Archives for May 2020

“Ask the Expert” Webinar Series: Why and When Do You Need a Salesforce Architect?

As the Salesforce ecosystem has expanded and evolved, so has the need for a Salesforce architect. An architect is one of the most requested roles in the 10K Community, not only because of the value they bring but also because they’re not easy to find. It isn’t easy to become a Salesforce architect (especially a certified one), and finding a great one who is a good fit for your situation is not easy either. 

According to our Salesforce Talent Ecosystem research, Salesforce architects make up less than 1% of the overall Salesforce talent pool.

While the supply/demand ratios are improving and the number of architects grew 43% YoY, the number of customers who need their help is increasing just as fast, if not faster. 

To talk about why that is, the value architects provide, and when customers should bring them into projects, we brought together a panel of three veteran Salesforce architects — Mike Gill, Joshua Hoskins, and Matt Lamb. These independent experts from three different countries have completed hundreds of successful Salesforce projects between them, and represent some of the best in the business. 

Click here to watch the full panel discussion, or read on for highlights.

What exactly is a Salesforce architect?

There are several different types of architects with new variations cropping up all the time. There are technical, solution, and delivery architects, those who focus exclusively on marketing, or business operations, and that’s just to name a few. While experience levels and focus areas can vary greatly, an architect is generally a seasoned expert who defines, designs, and executes solutions on the Salesforce platform. They can help to guide a company’s Salesforce vision, and act as a technical advisor throughout the entire engagement.

When is the right time to bring in an architect?

If you’ve ever built a house, chances are one of the first things you did (if not the very first) was hire an architect.

You don’t call them when the walls are going up, but instead, incorporate them into the design process from the onset. Consider your Salesforce project the house in this metaphor.

While we understand everyone’s needs and budgets vary, it’s wise to have an architect on hand in the beginning stages of any new project. Architects are not cheap but their value typically more than justifies those rates. This is why we’ll tell you if you have to choose, to bring them in at the beginning as this is where they are the most valuable. They can not only validate the type of technology you want to use, but also provide contextual insight and call out the risk areas of any plans while helping with design decisions about integration architecture or data migration strategy. 

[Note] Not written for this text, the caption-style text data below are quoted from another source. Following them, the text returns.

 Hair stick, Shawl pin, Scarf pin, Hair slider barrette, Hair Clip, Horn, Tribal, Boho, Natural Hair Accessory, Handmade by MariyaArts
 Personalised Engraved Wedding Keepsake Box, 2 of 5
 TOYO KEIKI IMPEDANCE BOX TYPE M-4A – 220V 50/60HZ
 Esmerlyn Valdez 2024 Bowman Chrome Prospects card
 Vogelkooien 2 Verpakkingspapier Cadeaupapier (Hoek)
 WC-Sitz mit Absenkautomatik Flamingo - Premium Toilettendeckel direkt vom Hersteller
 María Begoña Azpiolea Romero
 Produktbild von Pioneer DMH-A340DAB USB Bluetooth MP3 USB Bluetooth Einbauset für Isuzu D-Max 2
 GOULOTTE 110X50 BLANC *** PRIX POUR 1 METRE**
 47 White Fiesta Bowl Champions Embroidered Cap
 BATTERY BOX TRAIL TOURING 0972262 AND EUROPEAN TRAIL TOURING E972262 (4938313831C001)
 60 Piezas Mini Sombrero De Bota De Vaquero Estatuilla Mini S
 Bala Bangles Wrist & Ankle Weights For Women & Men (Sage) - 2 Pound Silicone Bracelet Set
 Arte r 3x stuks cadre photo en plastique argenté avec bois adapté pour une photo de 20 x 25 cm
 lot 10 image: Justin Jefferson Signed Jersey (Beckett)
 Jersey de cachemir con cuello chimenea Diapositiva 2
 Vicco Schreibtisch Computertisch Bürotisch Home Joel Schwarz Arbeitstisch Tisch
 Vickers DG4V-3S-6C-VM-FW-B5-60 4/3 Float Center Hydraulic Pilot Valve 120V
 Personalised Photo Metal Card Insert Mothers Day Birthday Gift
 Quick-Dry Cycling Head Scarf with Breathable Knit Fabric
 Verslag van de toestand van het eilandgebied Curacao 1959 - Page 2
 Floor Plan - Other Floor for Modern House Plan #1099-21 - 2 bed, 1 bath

Without an architect helping you make the right decisions in the beginning, you run the risk of blowing past your budget or timeline. Front-load that expertise as you’re building your plan and you will get the most bang for your buck.

Do I need to have a full-time architect?

An architect’s expertise is best utilized at the onset of a project to help save time fixing problems down the road. You may not need an architect who is allocated full-time for the entirety of the project, but consider keeping one on a fractional basis who can help keep things on track or advise you as problems arise (which they will). They don’t need to be there for the day-to-day, but having someone on speed dial or allocating a certain number of hours for oversight will save you time, money, and possibly relationships down the road. 

What are the attributes of a good Salesforce architect?

First and foremost, look for someone with applied experience. A good architect will be proactive and anticipate challenges before problems occur. Mike, Joshua, and Matt all shared that the first step they took as an architect was to find a good mentor. Your ideal architect is someone who can take input from your business and the technical side, weigh it against their knowledge from past projects, and identify the things they don’t know and how to remedy that. This also means being humble enough to admit when they don’t have all the answers,

A good architect can also effectively communicate with a range of people, understanding their needs and what they need to hear. Because architects interact with everyone from the C-Suite down to individual contributors, it’s important that they use the right vernacular. The best architects are those who listen, not just to what’s being said and by who, but to what’s not being said. Part of this is being able to read a room and pull out everyone’s concerns even if they aren’t offered up.

While it’s not required, it also helps if an architect has or has had development experience. An architect should be able to help developers with problems, confirm that their code is solid for scale and that it complies with Salesforce best practices. Ultimately, it’s the architect who will need to figure out how to fix a performance problem in production, so if an architect hasn’t spent time in Apex or any coding language, they’ll struggle to identify problems. 

With that said, a solution architect doing pre-sales work and helping the customer put together a high-level implementation strategy probably doesn’t need extensive coding knowledge. However, be wary of a pre-sales architect who sells a high-level vision to the project stakeholders without talking about resource needs to meet project goals. 

When don’t I need an architect?

At this point you may be wondering, “Well, if an architect is such a jack-of-all-trades, why wouldn’t I just hire them and no one else?” While an architect brings a unique combination of strategy and execution, having this role do everything that’s necessary on a project isn’t the most cost-effective way to get things done. Remember these are experienced in-demand roles, which command higher hourly rates than less experienced individuals. 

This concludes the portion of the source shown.